I am an assistant professor in the Analytics, Information, and Operations Management Area at the University of Kansas School of Business. Before joining the University of Kansas School of Business, I served as a visiting assistant professor at the University of Iowa Tippie College of Business Business Analytics Department. I received my PhD in Computer Science from the University of Iowa in the Winter of 2018 under the supervision of Drs. W. Nick Street and Alberto M. Segre.
My work has appeared in a variety of peer-reviewed journals including the Journal of Management Information Systems (JMIS), Journal of Business Research (JBR), and Expert Systems with Applications (ESWA), among others. My work has also appeared in numerous rigorously peer-reviewed conferences including the SIAM International Conference on Data Mining (SDM), the IEEE International Conference on Health Informatics (ICHI), and the IEEE International Conference on Bioinformatics and Biomedicine (BIBM), among others.
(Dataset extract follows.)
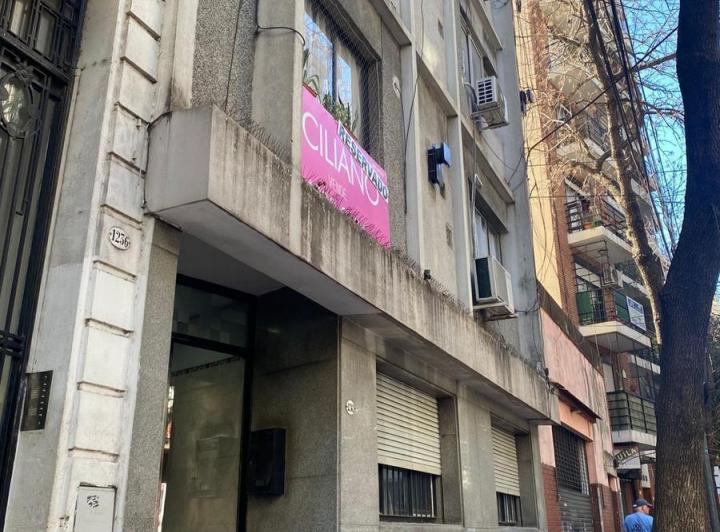 Luminoso y amplio monoambiente dividido en Barrio Norte 2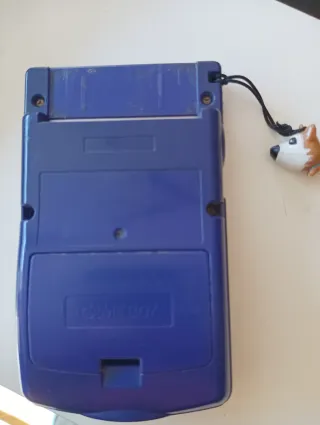 Game Boy Color + Giochi + Cavo Collegamento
My research interests are broadly in the areas of data mining, machine learning, and business analytics, and emphasize a decision-making perspective. To be more specific, I’ve worked on the inverse classification problem (methods that transform prediction-making machine learning models into prescription-providing models that optimize for a preferred outcome), machine learning explainability (MLX; methods that explain why a machine learning model made the prediction that it did), predicting and analyzing movie success from a pre-production disposition (the movie “green lighting” process), predicting and analyzing consumer mobility during a major socio-economoic disruption (COVID-19; to aid in business decision-making and planning), the third-party logistics-provider freight management problem using deep reinforcement learning, among others. Thus, my work ranges from methodological machine learning innovations to applied, analytics-focused works, and others that fall in between the two.